THE DATA —
Start of Block

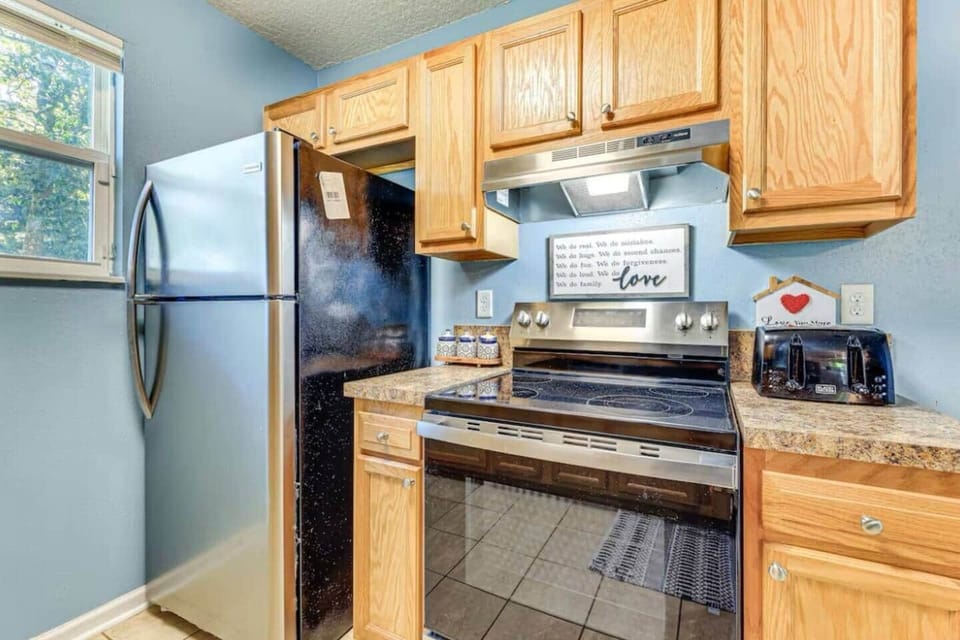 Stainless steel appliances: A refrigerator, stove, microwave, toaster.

End of Block
Start of Block

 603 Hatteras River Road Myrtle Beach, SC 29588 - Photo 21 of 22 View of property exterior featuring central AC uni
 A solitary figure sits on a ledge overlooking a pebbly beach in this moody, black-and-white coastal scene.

End of Block

Beginning with the line containing "603 Hatteras River" in the material above, copy every line exactly until you have copied the line containing "A solitary figure".

RESPONSE —
 603 Hatteras River Road Myrtle Beach, SC 29588 - Photo 21 of 22 View of property exterior featuring central AC uni
 A solitary figure sits on a ledge overlooking a pebbly beach in this moody, black-and-white coastal scene.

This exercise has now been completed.